● Activity: Retype the entries below word for word, leaving none out.
++++ Provided material
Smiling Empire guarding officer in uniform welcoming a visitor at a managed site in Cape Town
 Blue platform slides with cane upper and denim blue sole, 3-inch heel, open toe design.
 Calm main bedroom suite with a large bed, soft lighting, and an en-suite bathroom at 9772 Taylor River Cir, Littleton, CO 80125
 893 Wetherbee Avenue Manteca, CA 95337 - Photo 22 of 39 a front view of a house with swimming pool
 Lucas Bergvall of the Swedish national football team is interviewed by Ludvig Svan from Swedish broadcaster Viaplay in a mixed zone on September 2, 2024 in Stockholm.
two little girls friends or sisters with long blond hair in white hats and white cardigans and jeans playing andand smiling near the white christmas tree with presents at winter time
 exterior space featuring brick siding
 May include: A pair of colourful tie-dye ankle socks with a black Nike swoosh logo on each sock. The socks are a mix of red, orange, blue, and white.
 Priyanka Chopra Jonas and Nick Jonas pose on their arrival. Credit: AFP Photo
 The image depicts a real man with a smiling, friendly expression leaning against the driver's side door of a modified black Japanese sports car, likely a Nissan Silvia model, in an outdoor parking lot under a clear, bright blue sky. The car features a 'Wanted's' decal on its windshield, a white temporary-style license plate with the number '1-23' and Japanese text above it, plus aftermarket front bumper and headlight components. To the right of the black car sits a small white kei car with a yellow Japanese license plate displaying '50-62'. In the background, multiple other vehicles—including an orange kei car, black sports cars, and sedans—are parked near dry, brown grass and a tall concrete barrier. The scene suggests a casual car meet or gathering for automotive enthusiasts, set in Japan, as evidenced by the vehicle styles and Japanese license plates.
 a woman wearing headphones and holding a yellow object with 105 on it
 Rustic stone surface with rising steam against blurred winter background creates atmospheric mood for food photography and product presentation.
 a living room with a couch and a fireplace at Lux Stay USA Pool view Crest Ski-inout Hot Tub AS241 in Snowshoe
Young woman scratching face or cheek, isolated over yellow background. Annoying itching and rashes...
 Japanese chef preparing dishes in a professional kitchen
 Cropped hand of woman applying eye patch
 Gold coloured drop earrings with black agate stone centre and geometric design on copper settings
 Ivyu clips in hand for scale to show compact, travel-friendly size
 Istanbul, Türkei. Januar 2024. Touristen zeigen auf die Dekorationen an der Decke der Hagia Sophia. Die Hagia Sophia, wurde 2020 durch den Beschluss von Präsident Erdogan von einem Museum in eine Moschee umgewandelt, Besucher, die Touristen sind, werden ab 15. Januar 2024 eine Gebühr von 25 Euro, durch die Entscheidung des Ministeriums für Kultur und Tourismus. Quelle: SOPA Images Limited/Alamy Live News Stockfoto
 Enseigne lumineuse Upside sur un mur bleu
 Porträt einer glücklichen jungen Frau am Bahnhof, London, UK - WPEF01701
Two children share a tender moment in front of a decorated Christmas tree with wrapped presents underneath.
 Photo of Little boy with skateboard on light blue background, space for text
++++++++
● Response to the task:
Smiling Empire guarding officer in uniform welcoming a visitor at a managed site in Cape Town
 Blue platform slides with cane upper and denim blue sole, 3-inch heel, open toe design.
 Calm main bedroom suite with a large bed, soft lighting, and an en-suite bathroom at 9772 Taylor River Cir, Littleton, CO 80125
 893 Wetherbee Avenue Manteca, CA 95337 - Photo 22 of 39 a front view of a house with swimming pool
 Lucas Bergvall of the Swedish national football team is interviewed by Ludvig Svan from Swedish broadcaster Viaplay in a mixed zone on September 2, 2024 in Stockholm.
two little girls friends or sisters with long blond hair in white hats and white cardigans and jeans playing andand smiling near the white christmas tree with presents at winter time
 exterior space featuring brick siding
 May include: A pair of colourful tie-dye ankle socks with a black Nike swoosh logo on each sock. The socks are a mix of red, orange, blue, and white.
 Priyanka Chopra Jonas and Nick Jonas pose on their arrival. Credit: AFP Photo
 The image depicts a real man with a smiling, friendly expression leaning against the driver's side door of a modified black Japanese sports car, likely a Nissan Silvia model, in an outdoor parking lot under a clear, bright blue sky. The car features a 'Wanted's' decal on its windshield, a white temporary-style license plate with the number '1-23' and Japanese text above it, plus aftermarket front bumper and headlight components. To the right of the black car sits a small white kei car with a yellow Japanese license plate displaying '50-62'. In the background, multiple other vehicles—including an orange kei car, black sports cars, and sedans—are parked near dry, brown grass and a tall concrete barrier. The scene suggests a casual car meet or gathering for automotive enthusiasts, set in Japan, as evidenced by the vehicle styles and Japanese license plates.
 a woman wearing headphones and holding a yellow object with 105 on it
 Rustic stone surface with rising steam against blurred winter background creates atmospheric mood for food photography and product presentation.
 a living room with a couch and a fireplace at Lux Stay USA Pool view Crest Ski-inout Hot Tub AS241 in Snowshoe
Young woman scratching face or cheek, isolated over yellow background. Annoying itching and rashes...
 Japanese chef preparing dishes in a professional kitchen
 Cropped hand of woman applying eye patch
 Gold coloured drop earrings with black agate stone centre and geometric design on copper settings
 Ivyu clips in hand for scale to show compact, travel-friendly size
 Istanbul, Türkei. Januar 2024. Touristen zeigen auf die Dekorationen an der Decke der Hagia Sophia. Die Hagia Sophia, wurde 2020 durch den Beschluss von Präsident Erdogan von einem Museum in eine Moschee umgewandelt, Besucher, die Touristen sind, werden ab 15. Januar 2024 eine Gebühr von 25 Euro, durch die Entscheidung des Ministeriums für Kultur und Tourismus. Quelle: SOPA Images Limited/Alamy Live News Stockfoto
 Enseigne lumineuse Upside sur un mur bleu
 Porträt einer glücklichen jungen Frau am Bahnhof, London, UK - WPEF01701
Two children share a tender moment in front of a decorated Christmas tree with wrapped presents underneath.
 Photo of Little boy with skateboard on light blue background, space for text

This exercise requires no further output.